◆ Raw data:
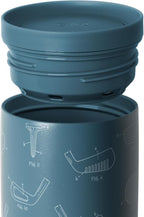 Simple Modern Father's Day Signature Voyager | 16oz Travel Coffee Mug Tumbler with 360° Lid | Gifts for Dad, Him | Ceramic-Lined Insulated Stainless Steel Cold Brew Iced Coffee Cup | Golf Schematics
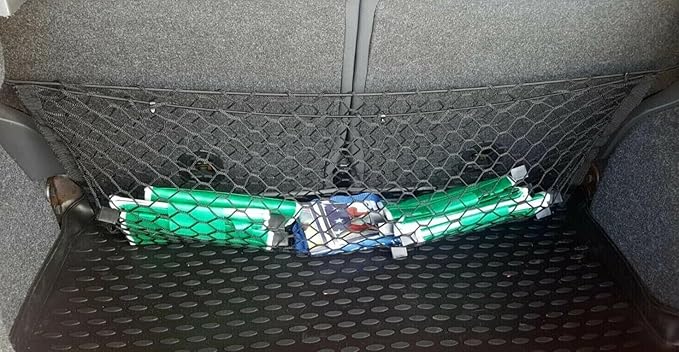 (Qty.2) Rear Trunk Organizer Cargo Nets for Acura Integra 2023–2026 – Floor + Envelope Style Cargo Nets for Hatchback – Premium Mesh Car Trunk Organizer – Compatible with Acura Integra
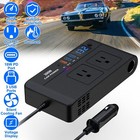 200w Car Power Inverter  Dc 12v To 110v Ac Outlet Adapter Usb Charger For Laptop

◆ Task to complete: Take the line with "(Qty.2) Rear Trunk" and every line after it through the end of the data, and write only them out exactly, leaving out the pictures.

◆ Answer area:
 (Qty.2) Rear Trunk Organizer Cargo Nets for Acura Integra 2023–2026 – Floor + Envelope Style Cargo Nets for Hatchback – Premium Mesh Car Trunk Organizer – Compatible with Acura Integra
 200w Car Power Inverter  Dc 12v To 110v Ac Outlet Adapter Usb Charger For Laptop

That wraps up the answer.